%%

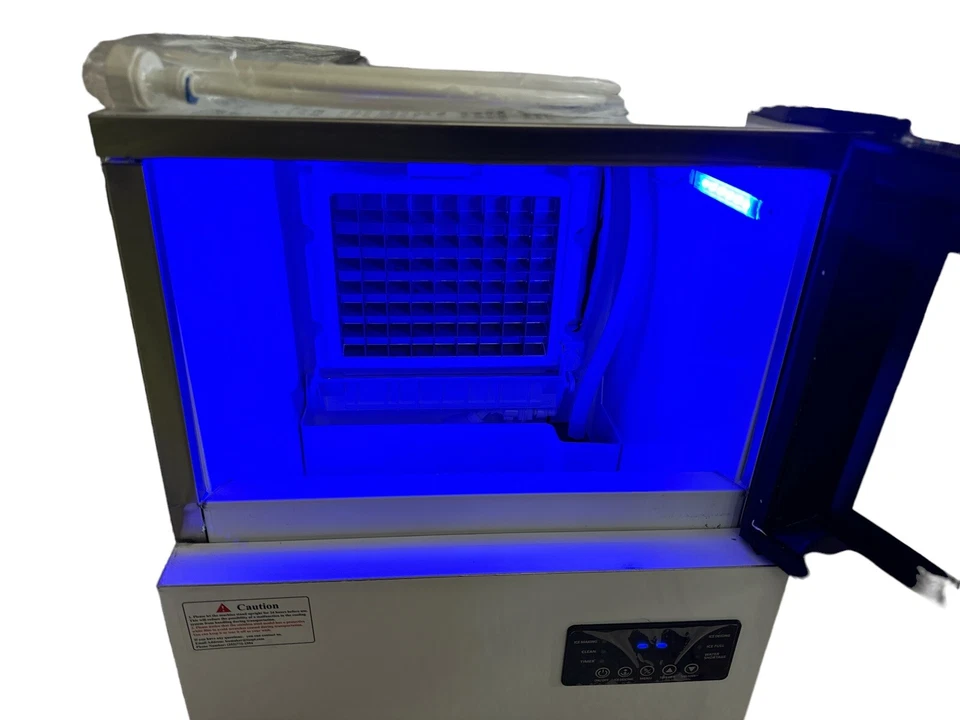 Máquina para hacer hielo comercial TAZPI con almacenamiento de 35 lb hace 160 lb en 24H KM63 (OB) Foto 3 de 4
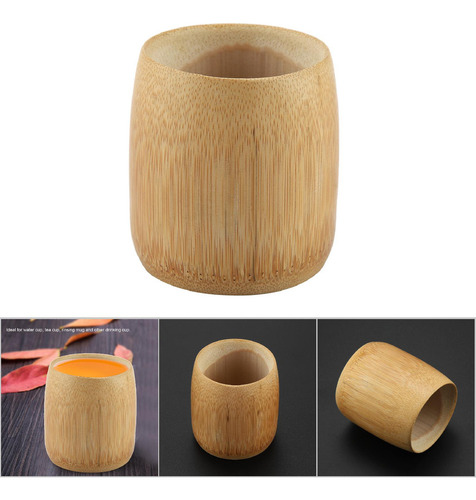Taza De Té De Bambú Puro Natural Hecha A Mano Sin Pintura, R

%%
%%

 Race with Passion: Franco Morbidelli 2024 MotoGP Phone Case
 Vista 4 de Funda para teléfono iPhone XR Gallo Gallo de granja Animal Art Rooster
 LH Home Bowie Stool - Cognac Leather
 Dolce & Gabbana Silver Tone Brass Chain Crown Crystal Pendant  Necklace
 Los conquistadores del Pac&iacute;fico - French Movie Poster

%%

Work order => Among the entries above, find the line with "Dolce & Gabbana" and the line with "Los conquistadores del"; give again exactly these two lines and all lines between them.

The completed task =>
 Dolce & Gabbana Silver Tone Brass Chain Crown Crystal Pendant  Necklace
 Los conquistadores del Pac&iacute;fico - French Movie Poster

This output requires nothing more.